== Given data ==

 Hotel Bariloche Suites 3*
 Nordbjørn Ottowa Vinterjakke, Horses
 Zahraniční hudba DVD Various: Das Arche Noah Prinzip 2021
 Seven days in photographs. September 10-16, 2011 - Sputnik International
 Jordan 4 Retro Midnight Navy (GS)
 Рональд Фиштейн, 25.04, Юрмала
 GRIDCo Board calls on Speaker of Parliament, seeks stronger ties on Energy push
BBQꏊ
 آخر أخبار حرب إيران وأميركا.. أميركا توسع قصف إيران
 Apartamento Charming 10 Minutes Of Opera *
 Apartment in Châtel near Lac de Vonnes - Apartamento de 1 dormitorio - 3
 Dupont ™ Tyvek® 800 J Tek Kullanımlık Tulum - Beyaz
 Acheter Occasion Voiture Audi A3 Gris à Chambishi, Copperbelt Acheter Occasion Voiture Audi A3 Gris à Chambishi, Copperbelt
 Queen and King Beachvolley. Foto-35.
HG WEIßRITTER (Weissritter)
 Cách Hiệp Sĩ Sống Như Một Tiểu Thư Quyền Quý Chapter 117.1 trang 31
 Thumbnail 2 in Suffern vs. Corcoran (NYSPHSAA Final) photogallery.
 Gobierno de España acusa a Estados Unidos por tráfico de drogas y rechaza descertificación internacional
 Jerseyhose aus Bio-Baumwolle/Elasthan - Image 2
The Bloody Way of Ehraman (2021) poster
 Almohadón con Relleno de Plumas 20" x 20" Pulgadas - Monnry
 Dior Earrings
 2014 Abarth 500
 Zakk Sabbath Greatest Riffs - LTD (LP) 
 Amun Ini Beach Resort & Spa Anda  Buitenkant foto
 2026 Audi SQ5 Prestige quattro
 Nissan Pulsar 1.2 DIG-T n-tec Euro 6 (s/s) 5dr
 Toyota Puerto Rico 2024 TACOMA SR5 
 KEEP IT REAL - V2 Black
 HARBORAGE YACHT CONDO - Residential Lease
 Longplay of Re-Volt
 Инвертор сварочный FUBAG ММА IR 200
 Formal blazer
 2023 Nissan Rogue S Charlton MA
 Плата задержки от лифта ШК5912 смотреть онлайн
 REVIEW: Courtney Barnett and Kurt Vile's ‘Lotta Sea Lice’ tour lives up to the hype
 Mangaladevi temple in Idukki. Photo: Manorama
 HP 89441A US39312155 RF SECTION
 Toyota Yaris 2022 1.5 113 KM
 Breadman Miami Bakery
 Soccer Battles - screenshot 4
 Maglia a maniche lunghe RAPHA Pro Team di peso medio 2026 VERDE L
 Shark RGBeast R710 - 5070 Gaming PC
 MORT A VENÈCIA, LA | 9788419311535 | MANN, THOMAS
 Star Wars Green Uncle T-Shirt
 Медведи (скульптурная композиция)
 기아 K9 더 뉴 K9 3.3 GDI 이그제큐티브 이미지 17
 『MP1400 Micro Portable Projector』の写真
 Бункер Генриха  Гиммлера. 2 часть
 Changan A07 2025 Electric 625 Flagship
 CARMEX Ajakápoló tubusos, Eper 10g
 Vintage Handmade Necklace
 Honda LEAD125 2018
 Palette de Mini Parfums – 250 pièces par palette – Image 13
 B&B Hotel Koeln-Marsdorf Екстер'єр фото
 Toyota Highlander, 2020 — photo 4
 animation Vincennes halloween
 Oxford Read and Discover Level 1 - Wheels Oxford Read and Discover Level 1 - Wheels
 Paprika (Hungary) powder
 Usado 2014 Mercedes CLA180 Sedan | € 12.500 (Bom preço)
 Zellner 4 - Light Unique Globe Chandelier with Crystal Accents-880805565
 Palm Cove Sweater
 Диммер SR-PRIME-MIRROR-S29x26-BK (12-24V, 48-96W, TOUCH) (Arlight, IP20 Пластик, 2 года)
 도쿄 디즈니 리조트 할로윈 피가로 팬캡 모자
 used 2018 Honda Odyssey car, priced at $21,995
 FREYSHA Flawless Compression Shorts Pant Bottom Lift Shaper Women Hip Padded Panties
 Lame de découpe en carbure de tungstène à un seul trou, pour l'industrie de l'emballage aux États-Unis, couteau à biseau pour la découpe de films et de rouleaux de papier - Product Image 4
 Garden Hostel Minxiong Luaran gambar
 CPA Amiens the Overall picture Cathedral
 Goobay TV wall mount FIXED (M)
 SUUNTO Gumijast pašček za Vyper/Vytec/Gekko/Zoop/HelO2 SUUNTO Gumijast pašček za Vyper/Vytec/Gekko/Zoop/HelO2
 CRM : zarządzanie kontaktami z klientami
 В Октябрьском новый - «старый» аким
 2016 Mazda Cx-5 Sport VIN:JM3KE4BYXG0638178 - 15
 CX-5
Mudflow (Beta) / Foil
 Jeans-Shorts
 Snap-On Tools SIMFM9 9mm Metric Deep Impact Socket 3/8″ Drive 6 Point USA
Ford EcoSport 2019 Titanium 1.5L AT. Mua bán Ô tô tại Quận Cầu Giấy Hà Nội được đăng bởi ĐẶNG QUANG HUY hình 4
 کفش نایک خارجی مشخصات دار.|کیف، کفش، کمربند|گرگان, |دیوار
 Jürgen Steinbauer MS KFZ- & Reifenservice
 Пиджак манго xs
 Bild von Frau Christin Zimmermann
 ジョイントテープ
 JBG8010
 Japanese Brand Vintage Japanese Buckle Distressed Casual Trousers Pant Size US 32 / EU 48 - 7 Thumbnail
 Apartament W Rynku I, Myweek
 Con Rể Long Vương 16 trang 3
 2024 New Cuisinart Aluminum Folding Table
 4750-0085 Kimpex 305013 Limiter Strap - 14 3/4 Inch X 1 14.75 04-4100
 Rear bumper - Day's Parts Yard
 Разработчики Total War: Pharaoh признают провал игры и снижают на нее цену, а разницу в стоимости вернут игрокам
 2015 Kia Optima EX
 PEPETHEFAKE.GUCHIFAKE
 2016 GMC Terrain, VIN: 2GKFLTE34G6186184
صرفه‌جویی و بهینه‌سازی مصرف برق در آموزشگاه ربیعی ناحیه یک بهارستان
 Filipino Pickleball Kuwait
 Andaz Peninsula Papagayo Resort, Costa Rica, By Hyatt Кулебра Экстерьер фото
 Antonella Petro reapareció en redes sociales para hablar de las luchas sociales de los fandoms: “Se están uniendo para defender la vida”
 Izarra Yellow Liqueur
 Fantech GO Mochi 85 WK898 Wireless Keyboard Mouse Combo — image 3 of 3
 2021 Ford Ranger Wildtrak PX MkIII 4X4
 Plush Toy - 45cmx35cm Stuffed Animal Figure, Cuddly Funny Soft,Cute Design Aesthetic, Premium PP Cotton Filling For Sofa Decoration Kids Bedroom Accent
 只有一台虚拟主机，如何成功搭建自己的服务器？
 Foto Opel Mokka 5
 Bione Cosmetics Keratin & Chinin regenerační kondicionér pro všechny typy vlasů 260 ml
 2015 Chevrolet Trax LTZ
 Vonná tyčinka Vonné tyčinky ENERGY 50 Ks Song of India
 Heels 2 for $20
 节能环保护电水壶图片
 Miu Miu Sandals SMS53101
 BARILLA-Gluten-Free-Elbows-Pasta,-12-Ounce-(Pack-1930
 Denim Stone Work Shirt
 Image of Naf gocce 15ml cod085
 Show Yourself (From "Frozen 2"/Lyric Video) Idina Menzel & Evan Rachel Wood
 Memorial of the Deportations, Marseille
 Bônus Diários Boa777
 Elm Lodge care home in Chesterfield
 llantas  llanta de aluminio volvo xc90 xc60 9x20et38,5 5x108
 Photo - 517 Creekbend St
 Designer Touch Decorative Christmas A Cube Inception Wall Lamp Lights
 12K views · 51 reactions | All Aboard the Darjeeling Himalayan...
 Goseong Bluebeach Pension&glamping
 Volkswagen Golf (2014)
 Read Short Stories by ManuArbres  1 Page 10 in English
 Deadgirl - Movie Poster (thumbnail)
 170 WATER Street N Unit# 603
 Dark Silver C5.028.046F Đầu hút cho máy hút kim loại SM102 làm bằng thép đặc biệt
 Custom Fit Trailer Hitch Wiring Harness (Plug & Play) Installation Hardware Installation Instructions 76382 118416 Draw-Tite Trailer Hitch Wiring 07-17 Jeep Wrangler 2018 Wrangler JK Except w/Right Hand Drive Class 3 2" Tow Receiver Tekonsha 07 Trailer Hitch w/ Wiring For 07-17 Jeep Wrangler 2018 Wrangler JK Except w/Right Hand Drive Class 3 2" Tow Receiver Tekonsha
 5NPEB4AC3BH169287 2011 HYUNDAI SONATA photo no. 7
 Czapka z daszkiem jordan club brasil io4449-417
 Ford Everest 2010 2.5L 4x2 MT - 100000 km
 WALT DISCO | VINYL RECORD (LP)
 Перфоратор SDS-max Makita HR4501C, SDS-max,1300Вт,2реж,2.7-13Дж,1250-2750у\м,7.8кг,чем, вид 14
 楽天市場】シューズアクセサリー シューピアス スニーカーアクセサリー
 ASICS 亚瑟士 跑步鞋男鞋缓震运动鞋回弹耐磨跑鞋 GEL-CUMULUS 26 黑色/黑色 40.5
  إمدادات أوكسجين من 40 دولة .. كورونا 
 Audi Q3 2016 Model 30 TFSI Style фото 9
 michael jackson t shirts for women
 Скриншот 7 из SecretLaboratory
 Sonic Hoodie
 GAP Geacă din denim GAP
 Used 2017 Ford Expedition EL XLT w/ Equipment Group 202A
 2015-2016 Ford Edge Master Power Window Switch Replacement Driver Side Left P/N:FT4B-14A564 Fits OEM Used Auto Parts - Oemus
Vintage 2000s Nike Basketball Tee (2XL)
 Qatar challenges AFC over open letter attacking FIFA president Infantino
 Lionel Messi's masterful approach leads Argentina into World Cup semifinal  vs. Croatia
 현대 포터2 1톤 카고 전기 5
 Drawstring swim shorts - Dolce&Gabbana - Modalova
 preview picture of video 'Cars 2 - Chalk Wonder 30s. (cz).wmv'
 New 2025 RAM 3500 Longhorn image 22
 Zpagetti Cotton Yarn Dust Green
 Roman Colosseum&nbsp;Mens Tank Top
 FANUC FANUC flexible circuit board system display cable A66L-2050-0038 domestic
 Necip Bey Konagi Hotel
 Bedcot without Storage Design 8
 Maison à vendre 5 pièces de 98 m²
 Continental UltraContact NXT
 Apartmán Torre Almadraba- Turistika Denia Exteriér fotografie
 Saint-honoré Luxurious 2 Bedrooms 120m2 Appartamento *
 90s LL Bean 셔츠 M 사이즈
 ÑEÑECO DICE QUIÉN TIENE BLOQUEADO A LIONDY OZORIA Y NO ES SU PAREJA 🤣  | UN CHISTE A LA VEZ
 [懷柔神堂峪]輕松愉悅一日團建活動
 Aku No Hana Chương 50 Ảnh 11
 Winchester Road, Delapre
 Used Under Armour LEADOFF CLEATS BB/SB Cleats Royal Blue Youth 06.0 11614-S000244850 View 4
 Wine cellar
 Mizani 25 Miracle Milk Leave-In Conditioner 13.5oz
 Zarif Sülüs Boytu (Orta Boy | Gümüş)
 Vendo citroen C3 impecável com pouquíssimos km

===

▶ [Exercise details]:
Extract exactly and only the lines above from the line containing "کفش نایک خارجی" through the line containing "2024 New Cuisinart Aluminum Folding Table", both end lines included.

▶ [Completed exercise]:
 کفش نایک خارجی مشخصات دار.|کیف، کفش، کمربند|گرگان, |دیوار
 Jürgen Steinbauer MS KFZ- & Reifenservice
 Пиджак манго xs
 Bild von Frau Christin Zimmermann
 ジョイントテープ
 JBG8010
 Japanese Brand Vintage Japanese Buckle Distressed Casual Trousers Pant Size US 32 / EU 48 - 7 Thumbnail
 Apartament W Rynku I, Myweek
 Con Rể Long Vương 16 trang 3
 2024 New Cuisinart Aluminum Folding Table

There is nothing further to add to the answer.